Start of INPUT DATA
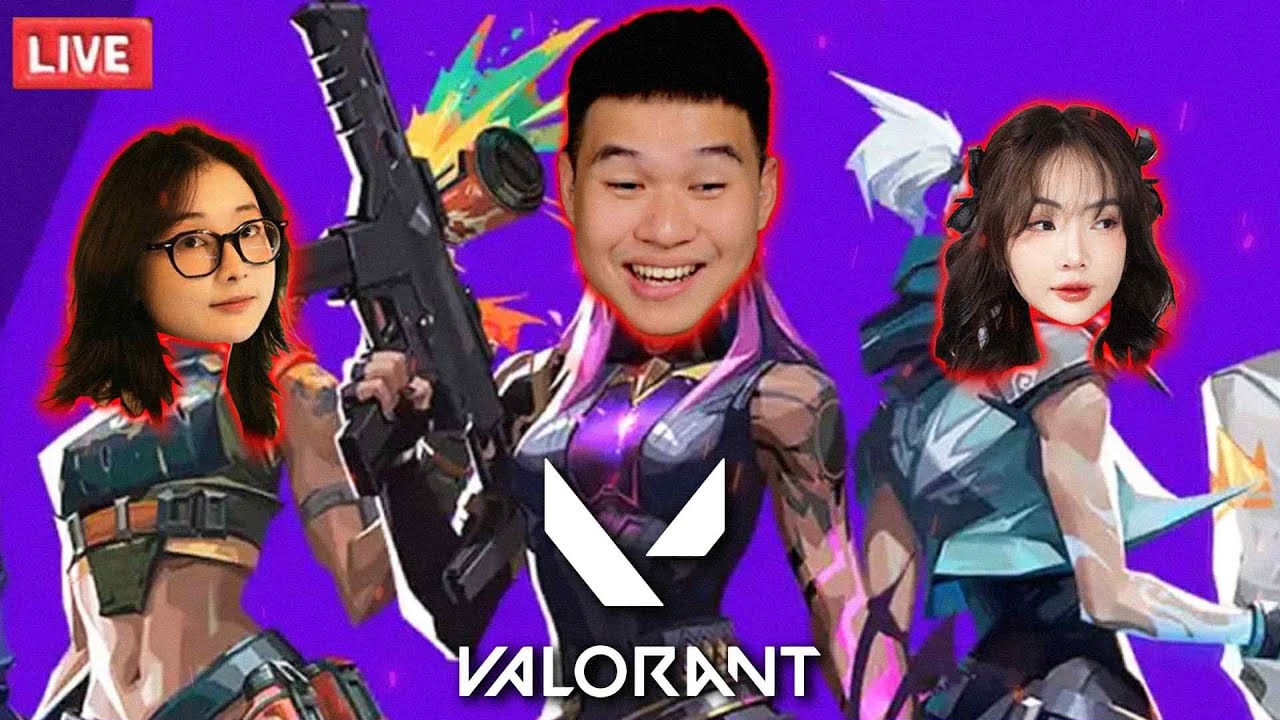 (DailyStream) PHÁ ĐẢO CON GAME VALORANT CÙNG BẠN NỮ XINH ĐẸP VÀ DITI NGƯỜI HUẾ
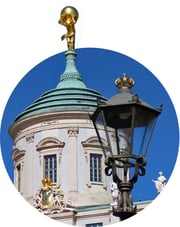 Stadtführer in Potsdam - Atlas auf dem Alten Rathaus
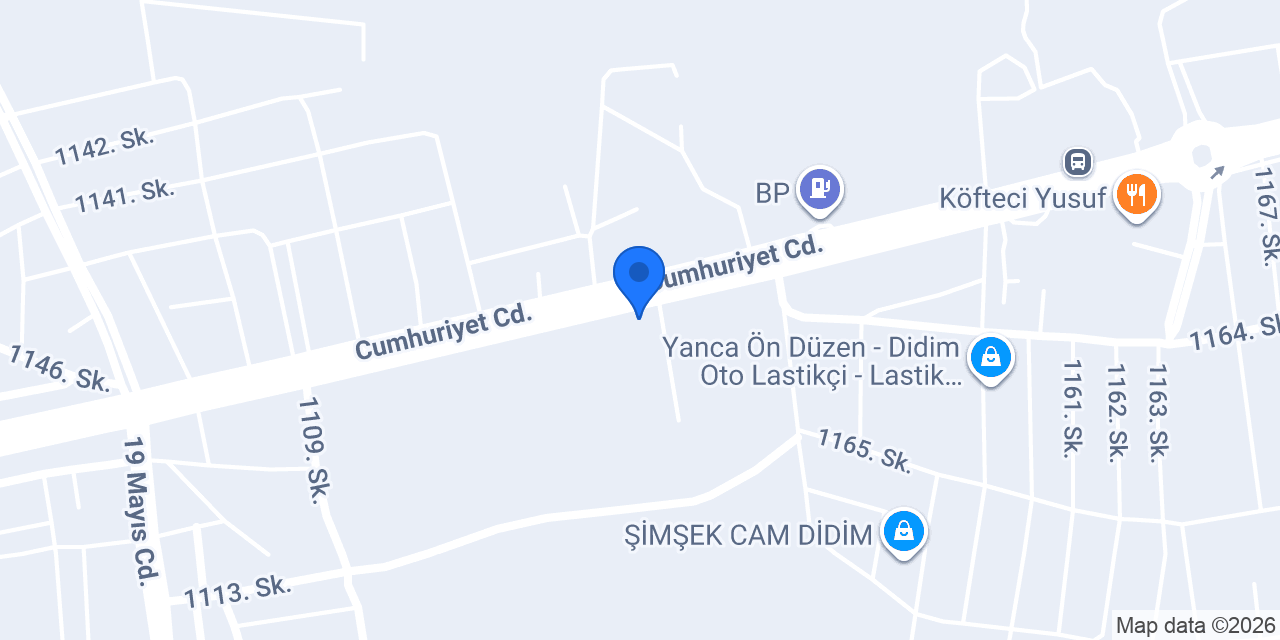 Han Perde Didim konumu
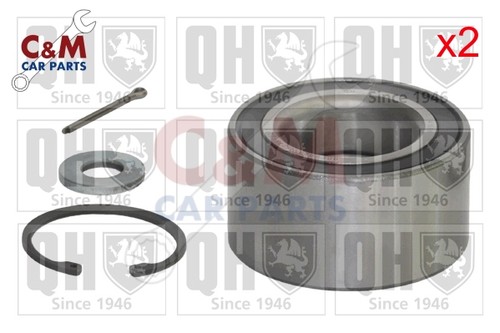 Front wheel bearing kit - bearing,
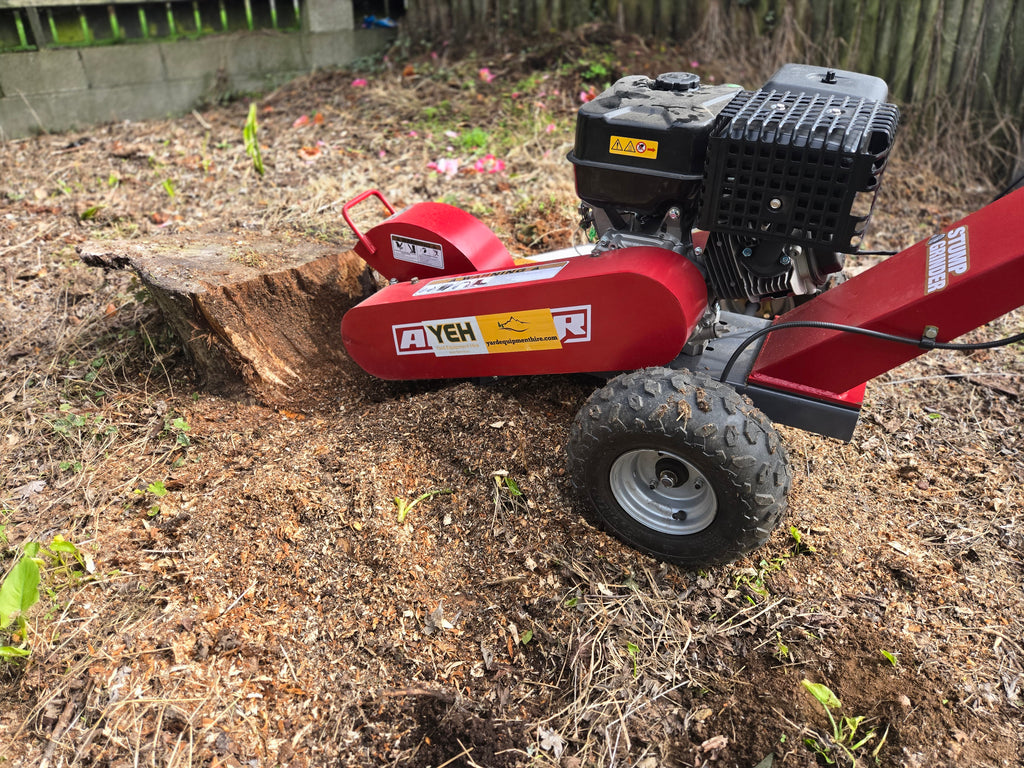 Stump Grinder 15hp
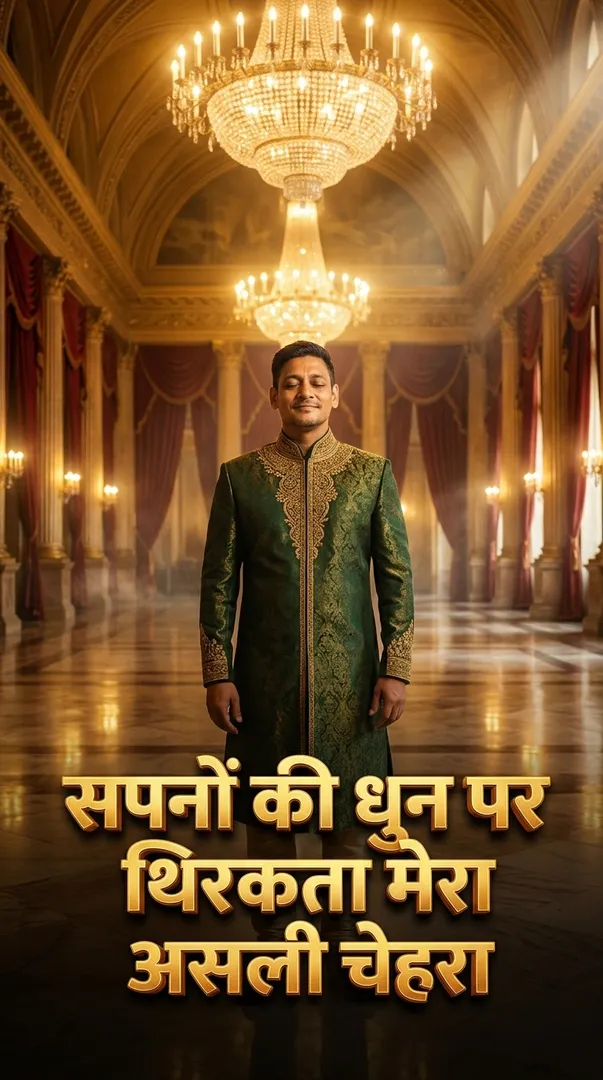 सपनों की धुन पर थिरकता मेरा असली चेहरा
End of INPUT DATA
-- EXERCISE BRIEF --
The line with "Stadtführer in Potsdam" marks the start, and the last line of the material marks the end. Reproduce exactly those two lines and every line between them, without the pictures.

-- FINISHED EXERCISE --
 Stadtführer in Potsdam - Atlas auf dem Alten Rathaus
 Han Perde Didim konumu
 Front wheel bearing kit - bearing,
 Stump Grinder 15hp
 सपनों की धुन पर थिरकता मेरा असली चेहरा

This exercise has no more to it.